== Task details ==
Repeat the lines from the one containing "Imagem 5: Apto" through the last line of the data, exactly, pictures omitted.

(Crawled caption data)
================
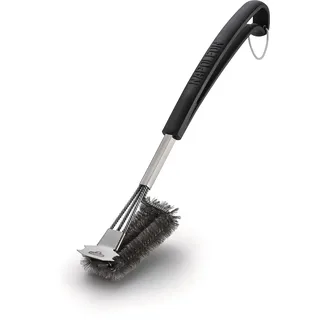 Napoleon Grillbürste 10 cm Edelstahl schwarz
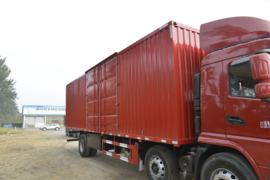 轩德翼6&nbsp;载货车上装                                                图片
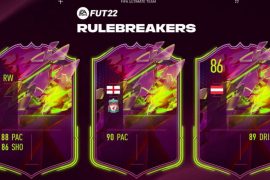 FIFA 22: First 3 rule breaking cards issued - these are the strong players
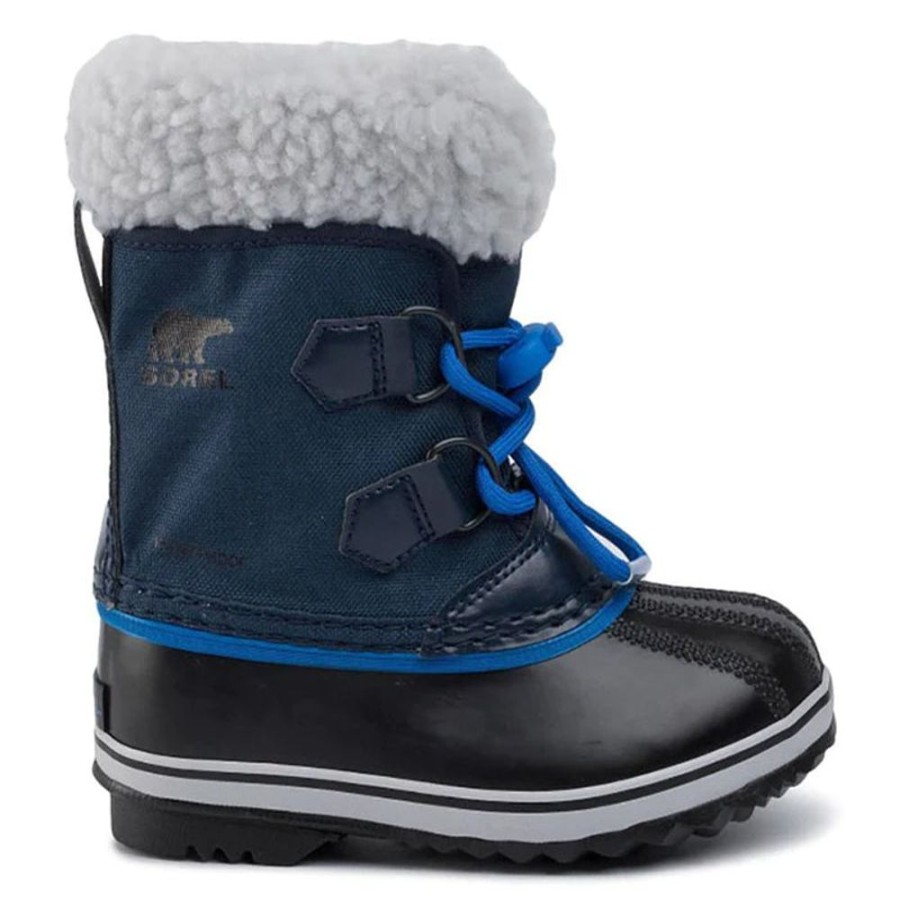 Bambini SOREL Doposci | Doposci Bambino Yoot Pac Nylon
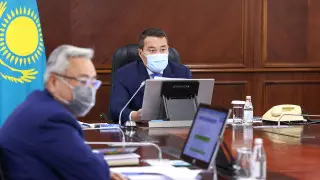 "Тыйым салынған жоқ". Премьер-министр Ауыл шаруашылығы министрлігін сынға алды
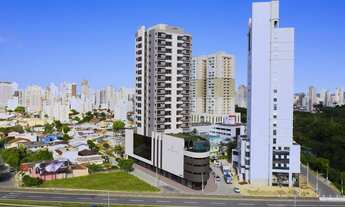 Imagem 5: Apto Em Consrução em Itapema/SC bairro Meia Praia, com 104m² área privativa sendo 3 suítes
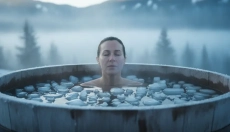 Cold plunge ovvero il bagno freddo rafforza la psiche e il sistema immunitario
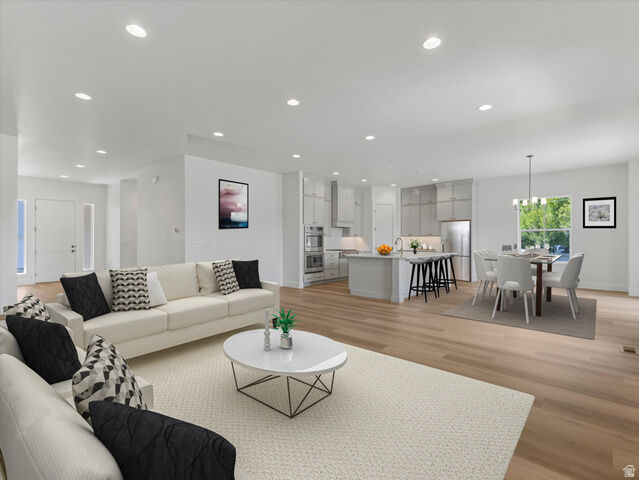 Property Photo: 1987 E Walker Meadows Cir UT 84117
================
== Result ==
 Imagem 5: Apto Em Consrução em Itapema/SC bairro Meia Praia, com 104m² área privativa sendo 3 suítes
 Cold plunge ovvero il bagno freddo rafforza la psiche e il sistema immunitario
 Property Photo: 1987 E Walker Meadows Cir UT 84117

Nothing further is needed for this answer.